-------- RAW DATA --------

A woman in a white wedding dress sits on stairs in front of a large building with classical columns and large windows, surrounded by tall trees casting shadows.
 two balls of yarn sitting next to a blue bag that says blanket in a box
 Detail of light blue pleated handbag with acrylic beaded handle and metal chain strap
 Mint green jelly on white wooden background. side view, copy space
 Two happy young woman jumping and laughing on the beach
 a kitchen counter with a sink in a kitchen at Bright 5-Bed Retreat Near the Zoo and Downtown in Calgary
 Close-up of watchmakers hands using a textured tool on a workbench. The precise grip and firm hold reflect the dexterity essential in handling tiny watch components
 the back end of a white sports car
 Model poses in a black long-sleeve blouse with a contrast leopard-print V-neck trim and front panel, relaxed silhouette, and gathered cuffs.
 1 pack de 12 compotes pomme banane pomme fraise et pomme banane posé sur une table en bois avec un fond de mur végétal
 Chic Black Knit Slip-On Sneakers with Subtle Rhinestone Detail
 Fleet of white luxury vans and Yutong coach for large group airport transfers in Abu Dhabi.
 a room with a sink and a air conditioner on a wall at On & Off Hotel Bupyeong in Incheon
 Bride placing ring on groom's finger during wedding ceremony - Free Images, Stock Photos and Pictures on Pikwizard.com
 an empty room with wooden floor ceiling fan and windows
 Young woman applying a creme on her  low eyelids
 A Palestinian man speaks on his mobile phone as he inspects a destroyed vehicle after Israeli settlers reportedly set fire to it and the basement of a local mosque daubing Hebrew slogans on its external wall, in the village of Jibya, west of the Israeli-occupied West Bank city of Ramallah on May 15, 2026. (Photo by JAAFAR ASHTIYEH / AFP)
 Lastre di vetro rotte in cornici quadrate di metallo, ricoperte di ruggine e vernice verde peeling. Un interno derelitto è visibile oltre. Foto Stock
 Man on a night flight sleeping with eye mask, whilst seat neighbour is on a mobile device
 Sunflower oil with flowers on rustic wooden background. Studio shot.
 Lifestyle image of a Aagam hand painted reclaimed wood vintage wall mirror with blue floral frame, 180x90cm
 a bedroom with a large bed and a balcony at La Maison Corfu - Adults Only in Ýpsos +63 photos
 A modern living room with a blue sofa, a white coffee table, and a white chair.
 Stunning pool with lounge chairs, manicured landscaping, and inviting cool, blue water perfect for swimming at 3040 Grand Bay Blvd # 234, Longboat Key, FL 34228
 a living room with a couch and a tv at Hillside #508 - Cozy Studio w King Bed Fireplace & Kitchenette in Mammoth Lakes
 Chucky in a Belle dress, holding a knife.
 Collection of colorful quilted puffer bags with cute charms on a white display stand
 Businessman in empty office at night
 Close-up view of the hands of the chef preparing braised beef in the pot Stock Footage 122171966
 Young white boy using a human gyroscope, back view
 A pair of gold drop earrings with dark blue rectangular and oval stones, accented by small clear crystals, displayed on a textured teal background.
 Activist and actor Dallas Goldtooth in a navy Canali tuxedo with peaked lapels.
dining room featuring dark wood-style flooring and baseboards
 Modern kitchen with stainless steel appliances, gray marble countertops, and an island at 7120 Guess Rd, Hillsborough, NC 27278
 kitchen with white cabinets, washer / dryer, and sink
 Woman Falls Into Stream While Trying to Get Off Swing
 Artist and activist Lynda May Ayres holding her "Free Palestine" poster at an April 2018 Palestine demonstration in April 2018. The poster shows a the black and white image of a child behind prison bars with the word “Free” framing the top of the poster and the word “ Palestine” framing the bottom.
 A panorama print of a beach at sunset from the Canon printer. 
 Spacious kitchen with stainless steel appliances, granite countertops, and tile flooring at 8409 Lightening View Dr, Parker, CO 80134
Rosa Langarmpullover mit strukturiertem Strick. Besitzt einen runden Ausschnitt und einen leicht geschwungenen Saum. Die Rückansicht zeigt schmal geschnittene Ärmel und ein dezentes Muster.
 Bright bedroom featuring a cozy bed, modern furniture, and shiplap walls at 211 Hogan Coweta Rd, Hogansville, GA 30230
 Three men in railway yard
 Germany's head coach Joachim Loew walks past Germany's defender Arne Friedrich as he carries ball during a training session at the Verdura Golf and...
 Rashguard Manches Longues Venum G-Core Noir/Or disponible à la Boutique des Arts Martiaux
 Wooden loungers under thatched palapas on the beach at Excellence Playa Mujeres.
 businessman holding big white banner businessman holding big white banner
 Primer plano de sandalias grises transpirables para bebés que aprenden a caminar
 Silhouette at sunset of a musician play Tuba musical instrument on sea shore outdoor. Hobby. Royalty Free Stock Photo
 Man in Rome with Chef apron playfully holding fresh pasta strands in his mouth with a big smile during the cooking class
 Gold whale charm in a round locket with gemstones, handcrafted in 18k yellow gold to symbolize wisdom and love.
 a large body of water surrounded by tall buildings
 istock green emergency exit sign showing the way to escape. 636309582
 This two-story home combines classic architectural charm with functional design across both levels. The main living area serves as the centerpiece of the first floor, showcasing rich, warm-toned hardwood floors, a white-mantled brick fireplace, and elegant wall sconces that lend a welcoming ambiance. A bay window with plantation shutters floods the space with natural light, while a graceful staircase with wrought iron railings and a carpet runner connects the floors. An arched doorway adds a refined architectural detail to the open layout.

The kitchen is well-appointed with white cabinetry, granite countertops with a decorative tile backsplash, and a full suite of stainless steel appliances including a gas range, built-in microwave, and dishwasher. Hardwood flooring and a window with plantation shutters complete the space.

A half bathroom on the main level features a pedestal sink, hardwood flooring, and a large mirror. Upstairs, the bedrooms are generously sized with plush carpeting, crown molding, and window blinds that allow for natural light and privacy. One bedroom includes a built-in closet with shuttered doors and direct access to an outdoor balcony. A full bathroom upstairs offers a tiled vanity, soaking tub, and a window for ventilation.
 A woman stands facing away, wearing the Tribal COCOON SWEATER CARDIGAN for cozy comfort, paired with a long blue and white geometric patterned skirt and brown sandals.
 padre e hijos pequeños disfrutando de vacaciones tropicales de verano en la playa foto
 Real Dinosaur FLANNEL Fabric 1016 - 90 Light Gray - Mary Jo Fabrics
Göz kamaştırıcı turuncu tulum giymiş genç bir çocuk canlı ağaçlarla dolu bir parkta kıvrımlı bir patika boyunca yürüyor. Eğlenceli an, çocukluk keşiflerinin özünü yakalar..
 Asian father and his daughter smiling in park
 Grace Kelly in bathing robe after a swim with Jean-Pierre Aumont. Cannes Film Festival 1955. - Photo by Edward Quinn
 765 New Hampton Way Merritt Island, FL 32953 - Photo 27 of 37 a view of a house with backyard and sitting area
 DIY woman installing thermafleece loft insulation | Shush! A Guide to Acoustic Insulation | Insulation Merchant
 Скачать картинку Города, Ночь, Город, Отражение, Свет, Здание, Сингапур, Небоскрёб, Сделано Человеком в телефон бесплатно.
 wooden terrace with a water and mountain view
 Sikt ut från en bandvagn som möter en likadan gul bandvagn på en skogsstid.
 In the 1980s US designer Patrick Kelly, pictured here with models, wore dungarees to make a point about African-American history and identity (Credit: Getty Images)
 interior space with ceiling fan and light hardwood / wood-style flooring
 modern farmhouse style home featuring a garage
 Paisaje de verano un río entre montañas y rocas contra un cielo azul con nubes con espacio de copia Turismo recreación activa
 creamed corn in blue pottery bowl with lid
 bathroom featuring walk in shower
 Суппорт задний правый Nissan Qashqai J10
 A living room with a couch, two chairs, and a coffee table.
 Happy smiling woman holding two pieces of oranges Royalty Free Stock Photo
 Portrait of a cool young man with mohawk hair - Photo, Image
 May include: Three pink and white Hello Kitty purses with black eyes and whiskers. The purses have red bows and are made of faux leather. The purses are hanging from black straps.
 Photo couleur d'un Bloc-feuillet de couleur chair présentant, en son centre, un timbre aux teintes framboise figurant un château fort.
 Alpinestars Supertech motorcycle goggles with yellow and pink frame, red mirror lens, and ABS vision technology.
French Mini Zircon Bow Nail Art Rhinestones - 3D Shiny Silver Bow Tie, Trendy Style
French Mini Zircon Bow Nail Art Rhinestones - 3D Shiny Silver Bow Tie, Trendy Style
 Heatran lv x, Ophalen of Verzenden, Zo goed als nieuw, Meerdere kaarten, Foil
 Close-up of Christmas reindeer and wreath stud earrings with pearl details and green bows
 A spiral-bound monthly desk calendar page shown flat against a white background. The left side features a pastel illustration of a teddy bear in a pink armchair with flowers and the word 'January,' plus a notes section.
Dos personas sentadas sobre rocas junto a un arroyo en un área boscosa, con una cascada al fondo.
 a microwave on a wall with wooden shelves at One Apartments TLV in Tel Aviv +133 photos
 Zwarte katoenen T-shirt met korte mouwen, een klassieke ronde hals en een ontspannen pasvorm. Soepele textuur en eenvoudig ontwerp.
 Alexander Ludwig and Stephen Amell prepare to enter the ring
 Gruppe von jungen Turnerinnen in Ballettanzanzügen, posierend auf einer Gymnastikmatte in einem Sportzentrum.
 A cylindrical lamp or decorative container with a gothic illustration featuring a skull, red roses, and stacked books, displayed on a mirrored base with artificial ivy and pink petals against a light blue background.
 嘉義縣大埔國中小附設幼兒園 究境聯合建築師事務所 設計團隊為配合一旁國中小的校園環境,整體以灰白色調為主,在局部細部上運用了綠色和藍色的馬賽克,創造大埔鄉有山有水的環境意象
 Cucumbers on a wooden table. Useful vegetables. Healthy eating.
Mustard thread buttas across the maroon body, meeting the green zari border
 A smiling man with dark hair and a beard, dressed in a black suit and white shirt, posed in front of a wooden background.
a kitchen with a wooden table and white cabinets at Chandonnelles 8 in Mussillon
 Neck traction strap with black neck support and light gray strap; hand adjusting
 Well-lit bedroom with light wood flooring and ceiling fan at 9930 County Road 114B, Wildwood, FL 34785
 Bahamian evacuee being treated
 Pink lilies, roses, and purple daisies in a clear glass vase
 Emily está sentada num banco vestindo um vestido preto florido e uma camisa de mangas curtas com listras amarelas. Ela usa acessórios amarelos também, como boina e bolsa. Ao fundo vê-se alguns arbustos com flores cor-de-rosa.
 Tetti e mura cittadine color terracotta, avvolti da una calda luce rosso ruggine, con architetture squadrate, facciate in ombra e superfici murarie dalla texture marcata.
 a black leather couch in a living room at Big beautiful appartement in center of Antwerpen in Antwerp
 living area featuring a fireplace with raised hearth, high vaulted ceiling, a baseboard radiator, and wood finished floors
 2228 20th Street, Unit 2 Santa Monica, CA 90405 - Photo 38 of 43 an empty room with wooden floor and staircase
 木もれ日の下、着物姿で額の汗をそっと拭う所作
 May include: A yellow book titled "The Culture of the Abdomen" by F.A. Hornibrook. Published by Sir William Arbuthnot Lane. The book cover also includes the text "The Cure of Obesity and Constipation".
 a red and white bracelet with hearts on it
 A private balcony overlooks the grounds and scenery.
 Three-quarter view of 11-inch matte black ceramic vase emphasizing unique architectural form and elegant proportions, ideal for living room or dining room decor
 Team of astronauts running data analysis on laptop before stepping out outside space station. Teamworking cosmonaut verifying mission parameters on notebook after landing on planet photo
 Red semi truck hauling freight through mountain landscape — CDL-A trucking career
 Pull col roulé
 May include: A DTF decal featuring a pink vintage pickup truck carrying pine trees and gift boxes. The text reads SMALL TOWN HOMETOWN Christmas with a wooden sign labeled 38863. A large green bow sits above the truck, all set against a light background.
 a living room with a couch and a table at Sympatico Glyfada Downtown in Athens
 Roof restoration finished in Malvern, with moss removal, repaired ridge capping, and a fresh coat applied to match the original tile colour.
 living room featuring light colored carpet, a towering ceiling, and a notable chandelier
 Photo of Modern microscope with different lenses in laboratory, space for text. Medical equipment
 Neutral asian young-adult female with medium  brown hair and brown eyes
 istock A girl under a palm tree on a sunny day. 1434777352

--------

▶ [TASK DIRECTIONS]:
Output the material above exactly, but only from the line that carries "Stunning pool with" through the line that carries "Rosa Langarmpullover mit".

▶ [ANSWER SECTION]:
 Stunning pool with lounge chairs, manicured landscaping, and inviting cool, blue water perfect for swimming at 3040 Grand Bay Blvd # 234, Longboat Key, FL 34228
 a living room with a couch and a tv at Hillside #508 - Cozy Studio w King Bed Fireplace & Kitchenette in Mammoth Lakes
 Chucky in a Belle dress, holding a knife.
 Collection of colorful quilted puffer bags with cute charms on a white display stand
 Businessman in empty office at night
 Close-up view of the hands of the chef preparing braised beef in the pot Stock Footage 122171966
 Young white boy using a human gyroscope, back view
 A pair of gold drop earrings with dark blue rectangular and oval stones, accented by small clear crystals, displayed on a textured teal background.
 Activist and actor Dallas Goldtooth in a navy Canali tuxedo with peaked lapels.
dining room featuring dark wood-style flooring and baseboards
 Modern kitchen with stainless steel appliances, gray marble countertops, and an island at 7120 Guess Rd, Hillsborough, NC 27278
 kitchen with white cabinets, washer / dryer, and sink
 Woman Falls Into Stream While Trying to Get Off Swing
 Artist and activist Lynda May Ayres holding her "Free Palestine" poster at an April 2018 Palestine demonstration in April 2018. The poster shows a the black and white image of a child behind prison bars with the word “Free” framing the top of the poster and the word “ Palestine” framing the bottom.
 A panorama print of a beach at sunset from the Canon printer. 
 Spacious kitchen with stainless steel appliances, granite countertops, and tile flooring at 8409 Lightening View Dr, Parker, CO 80134
Rosa Langarmpullover mit strukturiertem Strick. Besitzt einen runden Ausschnitt und einen leicht geschwungenen Saum. Die Rückansicht zeigt schmal geschnittene Ärmel und ein dezentes Muster.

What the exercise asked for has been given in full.